Giancarlo De Carlo

9 Gennaio 2014

«L’utopie c’est la réalité de demain». L’affermazione di Le Corbusier è ben chiara a Giancarlo De Carlo quando, nel ’72, viene invitato a relazionare circa “il futuro dell’architettura” al Royal Australian Institute of Architects.
Quella conferenza diverrà, per l’architetto genovese, lo spunto per approfondire una sua personale visione dell’architettura che si fonda sulla necessità di tradurre costantemente il progetto in processo, in opera aperta capace di accogliere la forza biografica e narrativa prima che teorica.

 

Con una precisa urgenza rispetto alle piccole e grandi miserie in cui versa buona parte del paesaggio costruito italiano e ad una certa apatia critica che sta attanagliando le facoltà di architettura, Quodlibet ripubblica l’intervento di De Carlo in questa conferenza arricchendola con due saggi dello stesso autore, il primo sul Piano per il centro di Rimini e l’altro sul famoso progetto del villaggio Matteotti di Terni.
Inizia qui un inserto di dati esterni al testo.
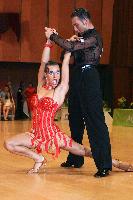 Michal Stukan & Susanne Miscenko at 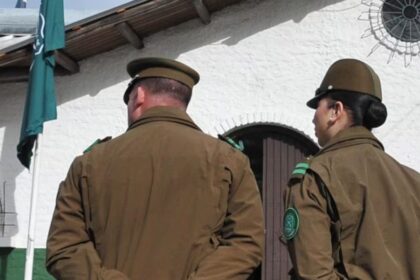 Investigan muerte de hombre detenido por violencia intrafamiliar en La Serena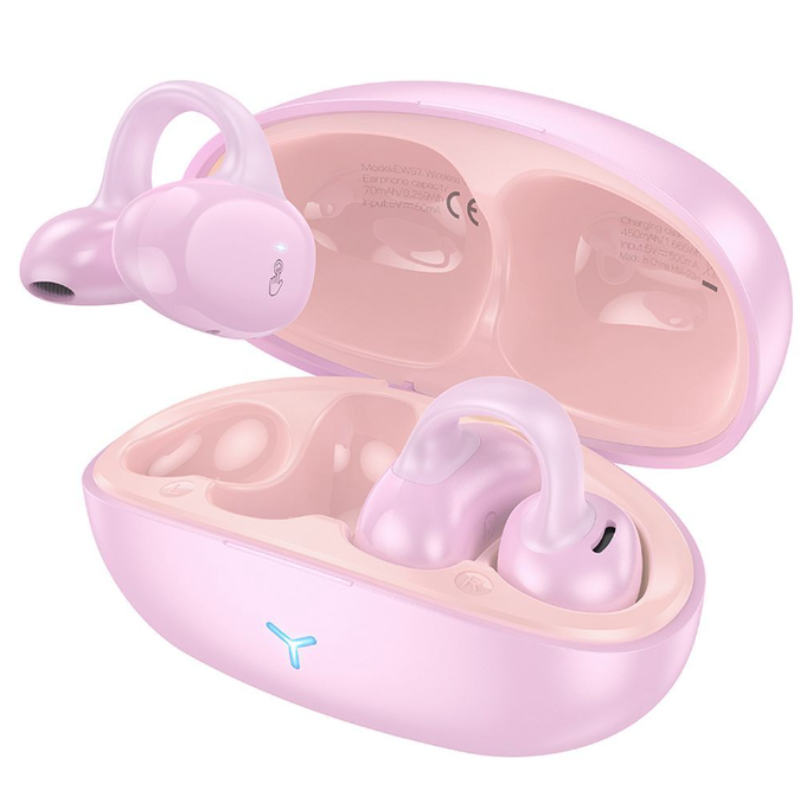 Audífono bluetooth EAR-CLIP 11hrs Hoco EW57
Ne risulta un agile pamphlet  - L'architettura della partecipazione - spunto da cui ripartire col dibattito sul futuro delle nostre città.

 

 

La forza che traspare da questo saggio è quella di un progettista che si interroga criticamente sulla sua disciplina, ne cerca il senso profondo, ne giudica i fallimenti ed i successi portando alla luce quella che in definitiva è un’idea militante dell’architettura, liberata dal luogo comune e dal dato di fatto. Un’architettura “narrativa”, capace di ascoltare, accogliere, annettere quelle che sono le tensioni della città e dei suoi abitanti. Un’architettura che deve farsi “processo”, scardinando la visione consolidata dell’edificio come un unicum perfetto e concluso.

 

Per fare ciò De Carlo utilizza l’arma della partecipazione, permeando il processo progettuale con la vita e le istanze dei suoi utenti futuri, impegnandosi su un piano più profondo e superando la concezione dell’architettura come fatto meramente creativo. In questo senso «non serve una teoria della partecipazione ma [...] l’energia per uscire dall’autonomia», per “sporcarsi le mani” per “contaminarsi” con il luogo. Solo mettendo costantemente in crisi i principi di «incontaminazione, autonomia, autosufficienza» che hanno lentamente appesantito l’architettura moderna rendendola impermeabile al suo pubblico, per De Carlo, l’architettura diventa «utopia realistica», costruttrice di un’idea di comunità.

 

L’architettura si può dunque salvare se diventa parte integrante del processo culturale di una comunità, se la partecipazione diventa il mezzo con il quale la società costruisce il suo orizzonte di esistenza, il suo “spazio”.
E ciò è valido ancora oggi, nonostante la pratica della partecipazione rischi di diventare abusata anche perché molto spesso utilizzata dalla politica per ammantare di falsa trasparenza attività più o meno speculative. La partecipazione infatti, pionieristica negli anni in cui scriveva De Carlo, è diventata sempre più un’arma nelle mani delle amministrazioni per allargare indiscriminatamente la rosa degli attori potenzialmente coinvolgibili in un processo urbano, dilatando sensibilmente i tempi della decisione ma costruendo una forte base di consenso.

 

 

Questa “istituzionalizzazione” della partecipazione, in contrasto con la sua originale componente “anarchica”, l’ha resa parte integrante del processo economico contemporaneo costringendola in una “gabbia” normalizzante e accettabile che in ultima analisi è servita più alla preservazione di un sistema che al suo scardinamento, facendo entrare in crisi la nozione romantica di partecipazione e rendendola un processo fortemente verticale.

 

La disillusione con cui oggi sono percepite le scelte politiche, il senso di subalternità con il quale si confrontano i cittadini di fronte alle modificazioni della città porta con sé la necessità di rivedere drasticamente il concetto di partecipazione, a favore di un ritorno alla sua componente conflittuale, militante, originale. Una ricerca che liberandosi dell’istituzionalizzazione della partecipazione, la riporti nelle strade attraverso le nuove pratiche della collaborazione e della mixité disciplinare e professionale, costruendo un ulteriore strato critico tra il luogo della politica e i cittadini, ristabilendone così l’orizzontalità.

 

In quest’ottica il libro di De Carlo diventa una piattaforma da cui partire alla ricerca di un nuova prospettiva, un invito alla “rivolta”, a superare l’assuefazione ai luoghi comuni, un inno alla contaminazione. Solo così l’architettura sarà «sempre meno la rappresentazione di chi la progetta e sempre più la rappresentazione di chi la usa».